Okay, so I had to take off the intake manifold because the coolant line that ran through it broke at one of the ends. Long story short, I can't get the thing out, so I can't get a new fitting in. In order to circum-vent this problem I just ran a hose around the manifold, so that coolant never enters the manifold to begin with. No leaks or anything, but the manifold now has no coolant going into it. I go to start the car after putting everything back together. Takes a while, and when it finaly starts, the gas pedal hardly responds at all, even when floored, and if I take off the gas, the car sputters and dies. I've checked everything I can and everything checks out... my only guess is that I need to tune the carbs, but the guy that I normaly do it with won't be here for a few days, so any idea what it would be besides that?


----------



## asleepz (Feb 24, 2004)

try cranking making it run for about 20 seconds then pull a spark plug and see if it is wet or got oil on it or white or tan


----------



## Zen31ZR (Mar 24, 2004)

1972_240 said:


> Okay, so I had to take off the intake manifold because the coolant line that ran through it broke at one of the ends. Long story short, I can't get the thing out, so I can't get a new fitting in. In order to circum-vent this problem I just ran a hose around the manifold, so that coolant never enters the manifold to begin with. No leaks or anything, but the manifold now has no coolant going into it. I go to start the car after putting everything back together. Takes a while, and when it finaly starts, the gas pedal hardly responds at all, even when floored, and if I take off the gas, the car sputters and dies. I've checked everything I can and everything checks out... my only guess is that I need to tune the carbs, but the guy that I normaly do it with won't be here for a few days, so any idea what it would be besides that?

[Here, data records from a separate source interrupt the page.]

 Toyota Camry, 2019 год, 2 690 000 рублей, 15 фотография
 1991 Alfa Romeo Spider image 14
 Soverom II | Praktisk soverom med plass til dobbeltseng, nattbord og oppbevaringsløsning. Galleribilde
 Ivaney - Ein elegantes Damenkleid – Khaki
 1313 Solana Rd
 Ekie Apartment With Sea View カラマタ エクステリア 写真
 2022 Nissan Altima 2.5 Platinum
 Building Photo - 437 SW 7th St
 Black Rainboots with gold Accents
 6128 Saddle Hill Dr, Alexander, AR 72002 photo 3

 How many times have you tried this? Sounds like it's either flooded or starved....... I don't think anything you did to the manifold would cause this. A lot of people bypass the coolant around the mani or the TB , depending on the car , it's generally one of the first mods done.


----------



## 1972_240 (Aug 27, 2004)

My thoughts went to lack of fuel/too much fuel as well, but the plugs are dry... so we're looking at a lack of fuel... or a huge vacuum leak.


----------



## '85 fairlady (May 1, 2004)

check your timing and the the fuel filter and for vacuum leaks.


----------



## JAMESZ (Mar 12, 2004)

Check the carbs.


----------



## 1972_240 (Aug 27, 2004)

Alright, the carbs are there, and are shooting flames, but I can't keep the car running long enough to tune them... so... asides from visually checking and noticing that all looks like it should, I can't do much else.


----------



## Zen31ZR (Mar 24, 2004)

1972_240 said:


> Alright, the carbs are there, and are shooting flames, but I can't keep the car running long enough to tune them... so... asides from visually checking and noticing that all looks like it should, I can't do much else.

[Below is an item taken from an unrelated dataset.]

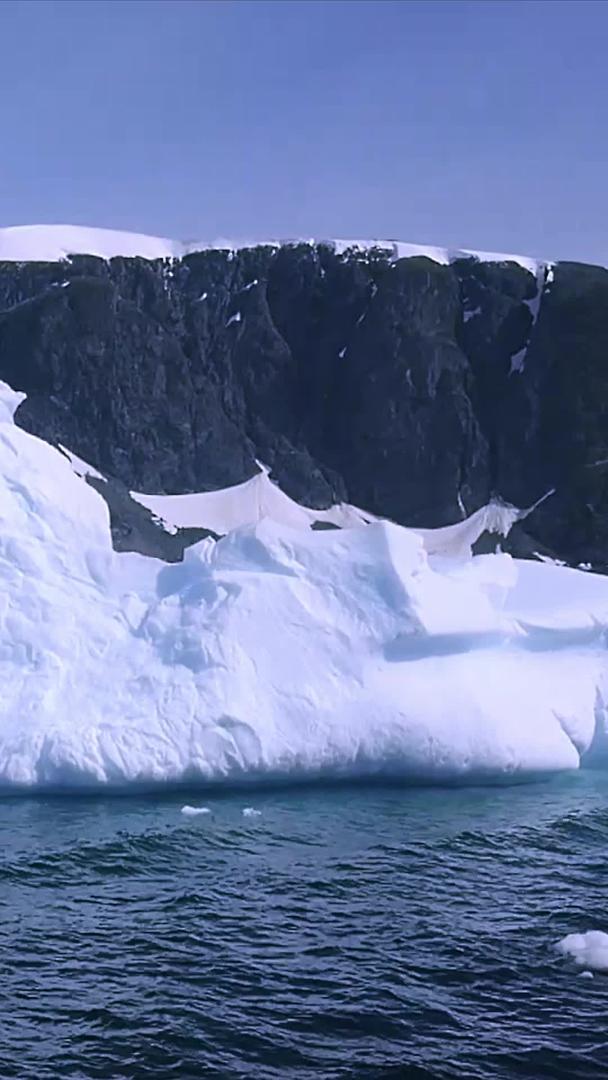 冰块漂浮在南极洲视频的预览图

 Perhaps your cam is out of phase. We can have all this second guessing going on all day long , unfortunately none of us is actually there to help you. 3-4 heads is better than 1 , but only if we could see with your eyes................


----------



## 0341TODD (Nov 15, 2003)

Was it running find before you did this? It really sounds like you have fouled plugs. I foul mine about every 3,000 miles and my car runs crappy. When I pull them they look fine, but it really is the problem.....so I change them and WAAAAALLAAAAAA- LIKE MAGIC........car starts now even when hot since I also fixed the aiv valve


----------



## 1972_240 (Aug 27, 2004)

The plugs/wires were replaced the day before we took off the manifold, so two days before everything went south.


----------



## Zen31ZR (Mar 24, 2004)

This is gonna sound weird , but did you hook up the fuel lines correctly. I'm assuming they were disconnected to remove the manifold. 
And something you mentioned before is that the carbs were shooting flames.........do you mean it's backfiring? Sounds like either the cam is out of time , or the plugs/wires/distributor is.


----------



## hondakillerZX (Aug 16, 2004)

just a guess but could it be the fuel pump


----------